_Data block_
+++

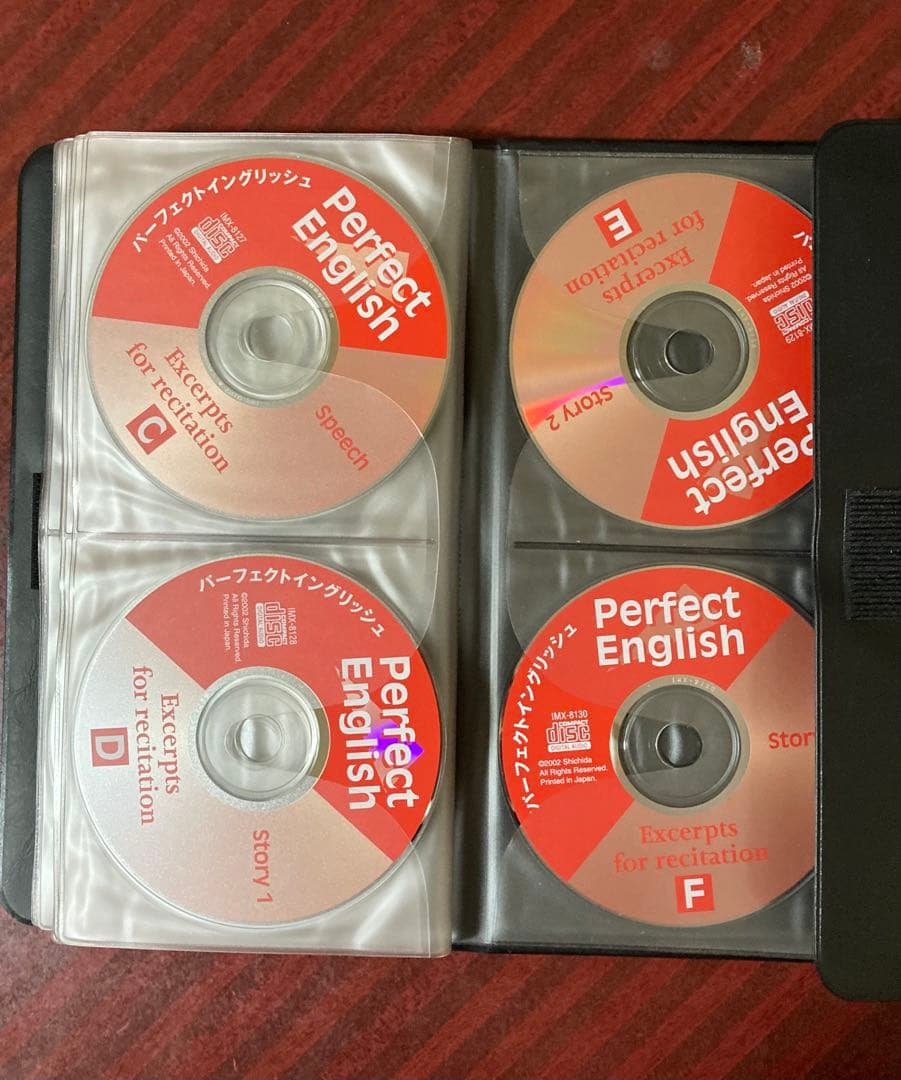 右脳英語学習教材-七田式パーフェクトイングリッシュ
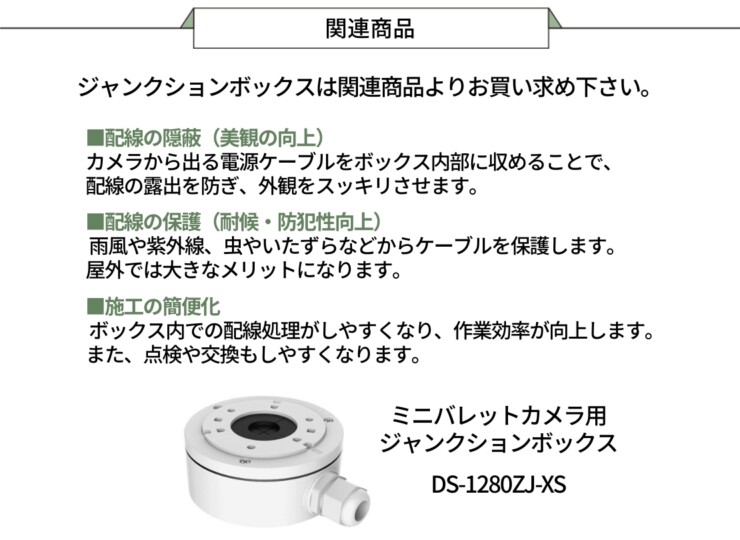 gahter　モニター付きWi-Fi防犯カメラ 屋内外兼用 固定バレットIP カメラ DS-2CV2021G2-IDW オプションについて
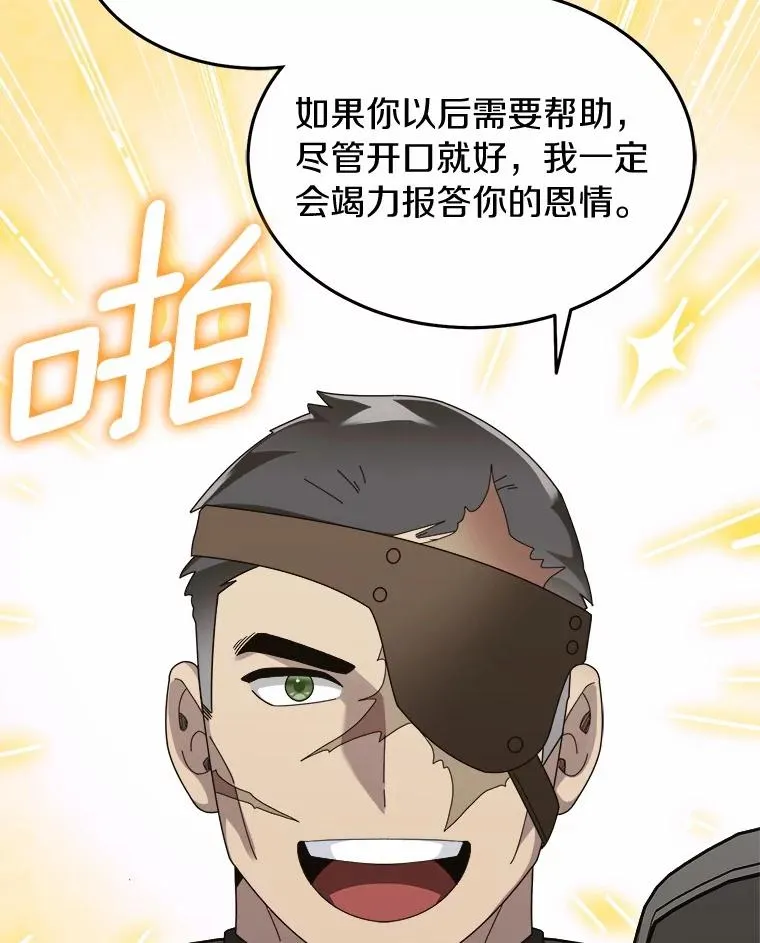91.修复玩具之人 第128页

+++

_Problem to work on_
Nothing but the lines from the one containing "gahter　モニター付きWi-Fi防犯カメラ 屋内外兼用 固定バレットIP" through the last line of the material may appear in the answer, transcribed exactly and with no pictures.

_Result of this exercise_
 gahter　モニター付きWi-Fi防犯カメラ 屋内外兼用 固定バレットIP カメラ DS-2CV2021G2-IDW オプションについて
91.修复玩具之人 第128页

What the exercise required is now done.